There is a good arbitrary precision popcount function in the GNU Multiple Precision Arithmetic Library (GMP), which GHC uses by default, but most other serious languages offer bindings to :

Python, 16 (+12)

import gmpy;
gmpy.popcount(...);

Perl, 11 (+22)

use GMP::Mpz qw(:all);
popcount(...);

scala:

@tailrec
def bits (i: Long, sofar: Int): Int = if (i==0) sofar else bits (i >> 1, (1 & i).toInt + sofar) 

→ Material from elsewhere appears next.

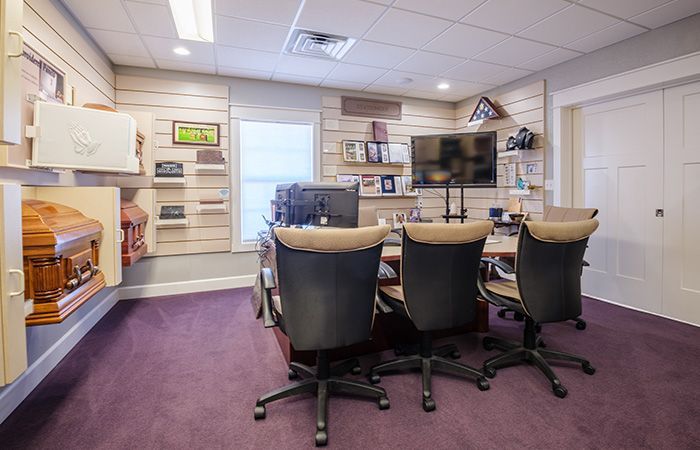 A conference room with a table and chairs and a television.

computes on a 2Ghz single core for about 1.500.000 64bit Long values the number of bits set. A straight forward recursive method, comparing the last bit, and shifting the number towards zero. The @tailrec is just a hint to the compiler to warn me, if it can't optimize the tail recursive call - it is not necessary, for the optimization to take place.

It's about 10times faster than the simplest method, using the library function:

def f(n:Long)=n.toBinaryString.count(_=='1')

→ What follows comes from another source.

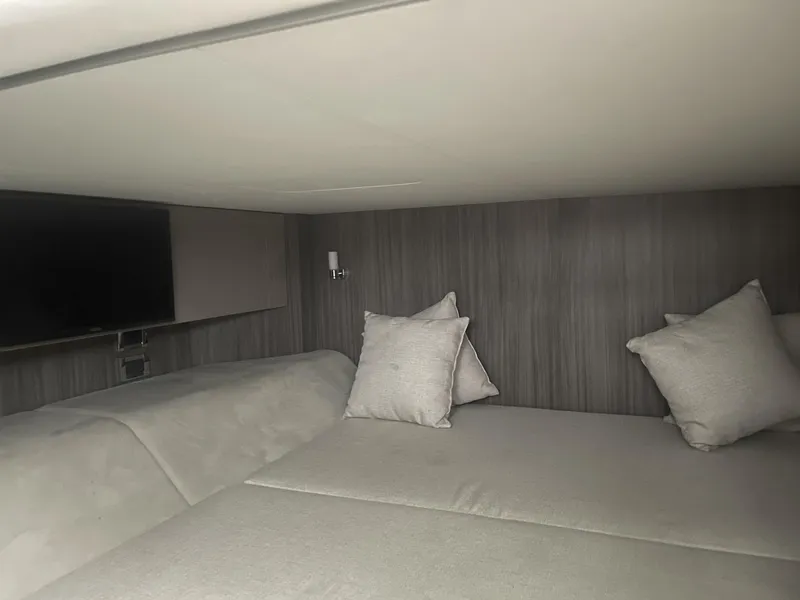 Slide: The Image of Interior cabin of 2022 Sea Ray SLX 400 with cozy bedding and modern decor. - 10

Translating them to c++ might not lead to similar results.

Using an 8-bit lookup table in the python shell

>>> tab=[0, 1, 1, 2, 1, 2, 2, 3, 1, 2, 2, 3, 2, 3, 3, 4, 1, 2, 2, 3, 2, 3, 3, 4, 2, 3, 3, 4, 3, 4, 4, 5, 1, 2, 2, 3, 2, 3, 3, 4, 2, 3, 3, 4, 3, 4, 4, 5, 2, 3, 3, 4, 3, 4, 4, 5, 3, 4, 4, 5, 4, 5, 5, 6, 1, 2, 2, 3, 2, 3, 3, 4, 2, 3, 3, 4, 3, 4, 4, 5, 2, 3, 3, 4, 3, 4, 4, 5, 3, 4, 4, 5, 4, 5, 5, 6, 2, 3, 3, 4, 3, 4, 4, 5, 3, 4, 4, 5, 4, 5, 5, 6, 3, 4, 4, 5, 4, 5, 5, 6, 4, 5, 5, 6, 5, 6, 6, 7, 1, 2, 2, 3, 2, 3, 3, 4, 2, 3, 3, 4, 3, 4, 4, 5, 2, 3, 3, 4, 3, 4, 4, 5, 3, 4, 4, 5, 4, 5, 5, 6, 2, 3, 3, 4, 3, 4, 4, 5, 3, 4, 4, 5, 4, 5, 5, 6, 3, 4, 4, 5, 4, 5, 5, 6, 4, 5, 5, 6, 5, 6, 6, 7, 2, 3, 3, 4, 3, 4, 4, 5, 3, 4, 4, 5, 4, 5, 5, 6, 3, 4, 4, 5, 4, 5, 5, 6, 4, 5, 5, 6, 5, 6, 6, 7, 3, 4, 4, 5, 4, 5, 5, 6, 4, 5, 5, 6, 5, 6, 6, 7, 4, 5, 5, 6, 5, 6, 6, 7, 5, 6, 6, 7, 6, 7, 7, 8]
>>> N=123456789
>>> tab[N>>24]+tab[N>>16&255]+tab[N>>8&255]+tab[N&255]
16

fastest for 32 bit numbers:

int bitcount(int i){
    i=i&0x55555555 + (i>>1)&0x55555555;
    i=i&0x33333333 + (i>>2)&0x33333333;
    i=i&0x0f0f0f0f + (i>>4)&0x0f0f0f0f;
    i=i&0x00ff00ff + (i>>8)&0x00ff00ff;
    return i&0x0000ffff + (i>>16)&0x0000ffff;
}

for 64 bits:

int bitcount(long i){
    i=i&0x5555555555555555 + (i>>1)&0x5555555555555555;
    i=i&0x3333333333333333 + (i>>2)&0x3333333333333333;
    i=i&0x0f0f0f0f0f0f0f0f + (i>>4)&0x0f0f0f0f0f0f0f0f;
    i=i&0x00ff00ff00ff00ff + (i>>8)&0x00ff00ff00ff00ff;
    i=i&0x0000ffff0000ffff + (i>>16)&0x0000ffff0000ffff;
    return i&0x00000000ffffffff + (i>>32)&0x00000000ffffffff;
}

these are all for C-based languages that define the binary operators (C, C++, C#, D, java, ...) (barring the int long type, translate as needed)

for arbitrary bit sizes:

int bitcount(BigInt i){
    int c=0;
    BigInt _2_pow_64 = BigInt(2).pow(64);
    while(i>0){
       long rem = i.mod(_2_pow_64);//or AND with 0xffffffffffffffff
       c+=bitcount(rem);//as defined above
       i=i.div(_2_pow_64);//or rshift with 64
    }
    return c;
}

BigInt being the class for integers of arbitrary size, and the .div, .pow, .mod being the 'divide by', 'to the power of' and 'remainder of' functions reps.